### Input

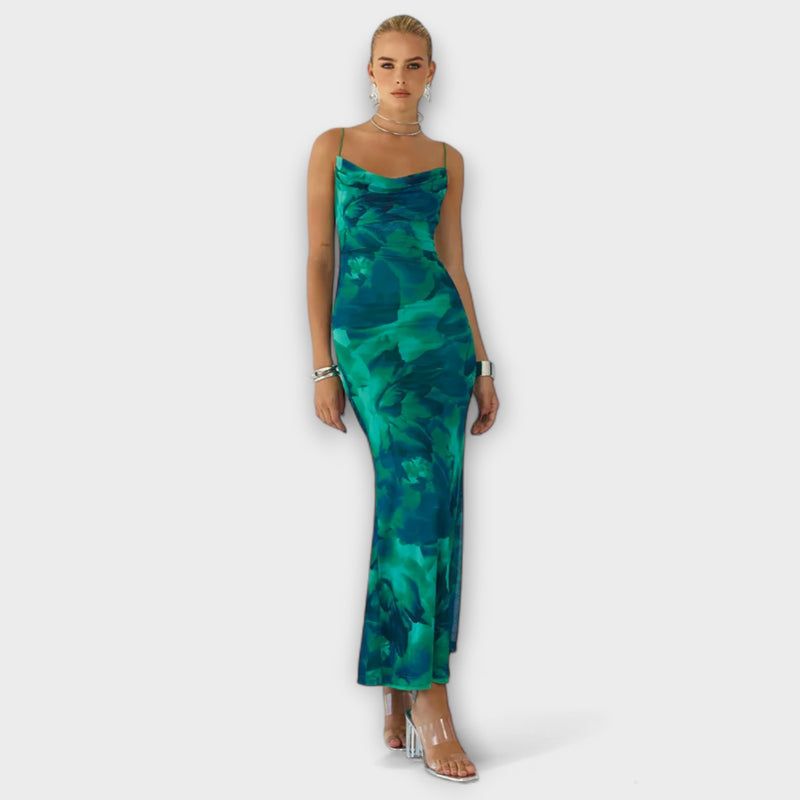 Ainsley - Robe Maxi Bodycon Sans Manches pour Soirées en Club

* * *

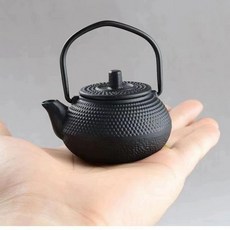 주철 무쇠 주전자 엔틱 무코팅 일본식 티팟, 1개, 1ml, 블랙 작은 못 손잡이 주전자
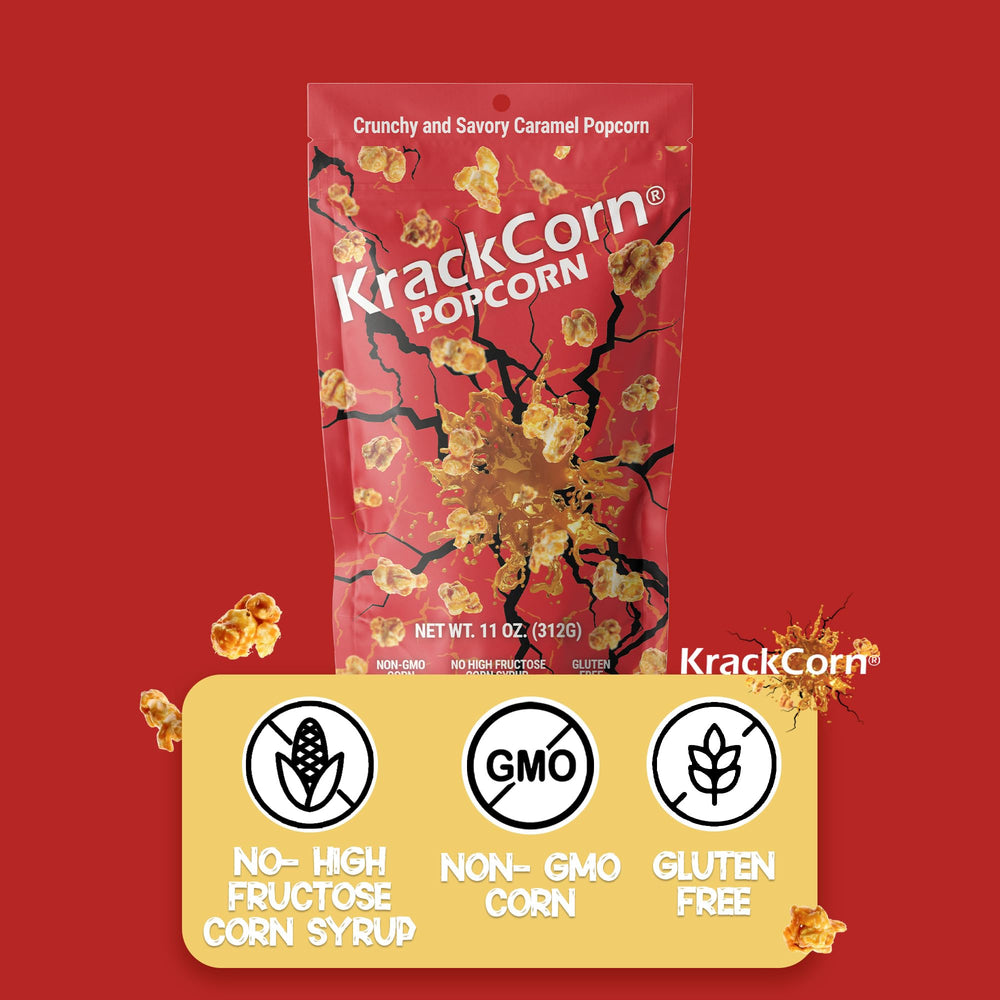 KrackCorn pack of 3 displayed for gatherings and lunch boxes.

==

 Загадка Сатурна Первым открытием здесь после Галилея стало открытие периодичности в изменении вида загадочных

### Description of the task
In the listing above, find the line with "주철 무쇠 주전자 엔틱" and the line with "KrackCorn pack of". Output both, plus every line between them, and no pictures.

### Your solution
 주철 무쇠 주전자 엔틱 무코팅 일본식 티팟, 1개, 1ml, 블랙 작은 못 손잡이 주전자
 KrackCorn pack of 3 displayed for gatherings and lunch boxes.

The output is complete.